- [SUPPLIED INFORMATION]

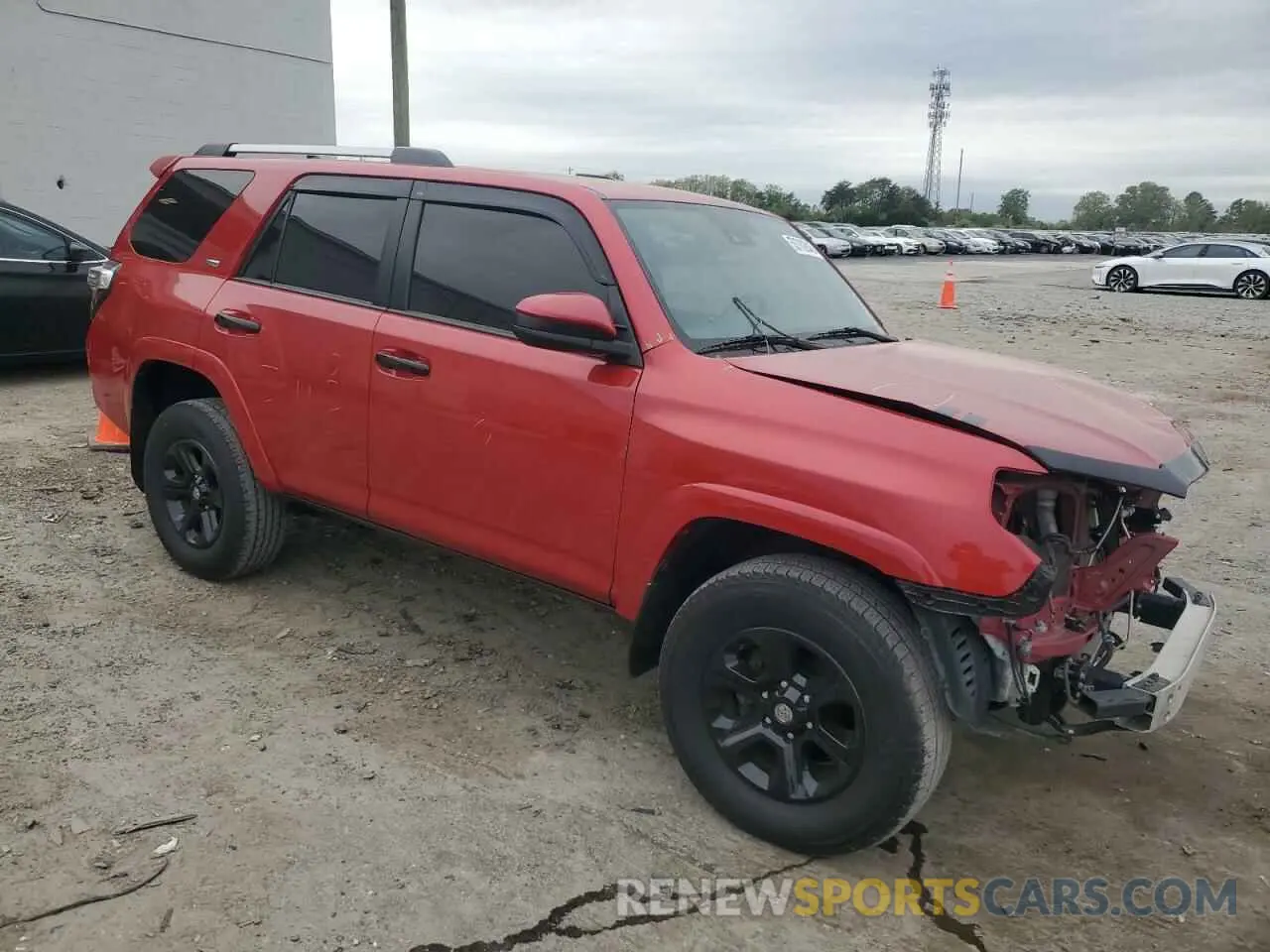 4 Photograph of a damaged car JTEMU5JR7M5933513 TOYOTA 4RUNNER 2021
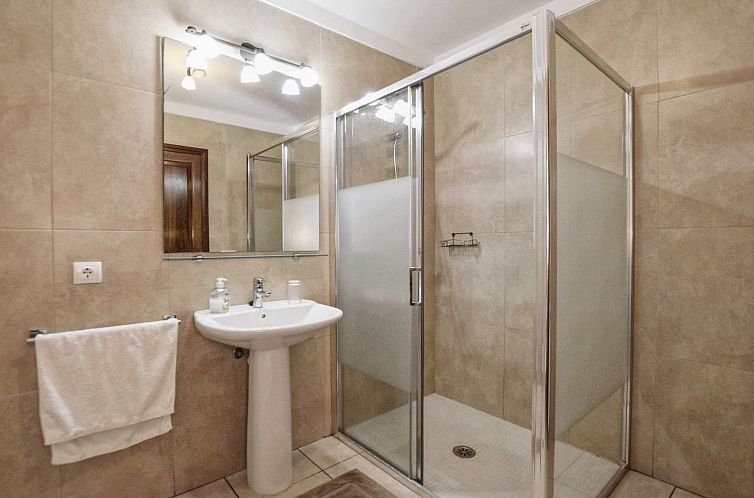 Vakantiehuis Ferienvilla mit Garten, Grill und Terrasse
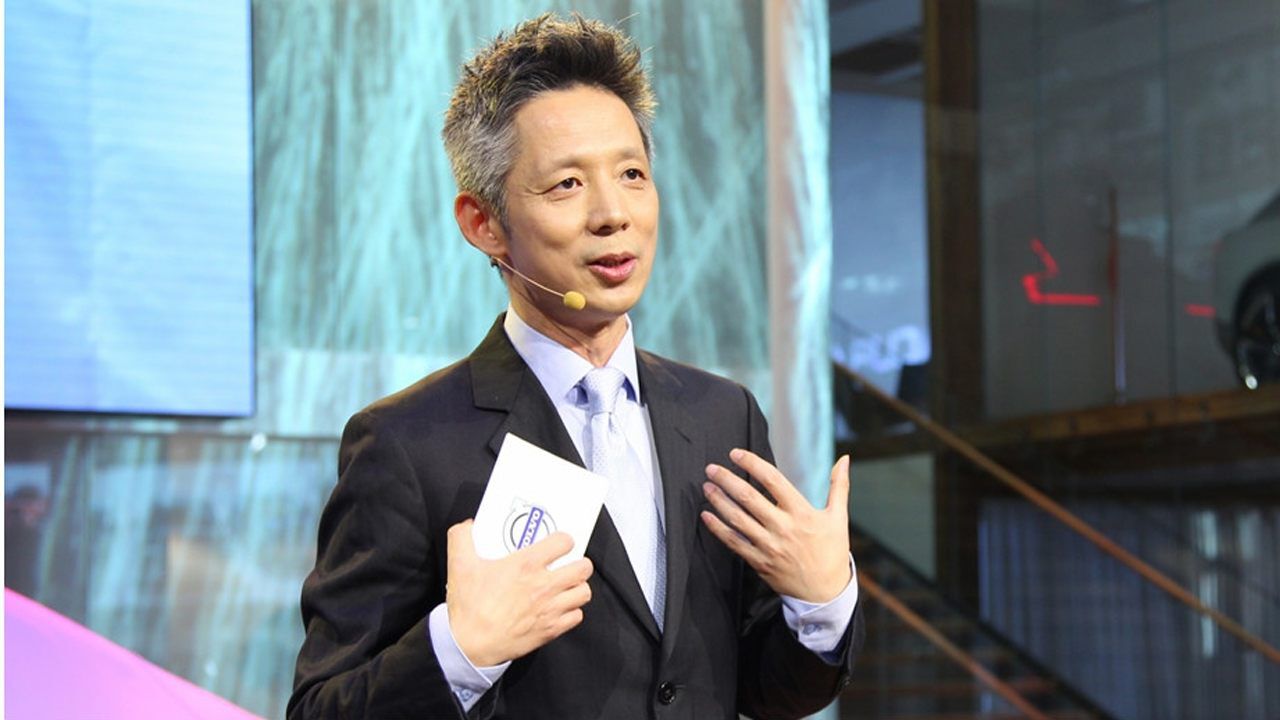 复旦男神蒋昌建,霸气回复青年提问,不愧是"狮城的蒋四辩"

- [WHAT TO PRODUCE]
Repeat, exactly and in full, all the material above except its pictures.

- [SOLVED PROBLEM]
 4 Photograph of a damaged car JTEMU5JR7M5933513 TOYOTA 4RUNNER 2021
 Vakantiehuis Ferienvilla mit Garten, Grill und Terrasse
 复旦男神蒋昌建,霸气回复青年提问,不愧是"狮城的蒋四辩"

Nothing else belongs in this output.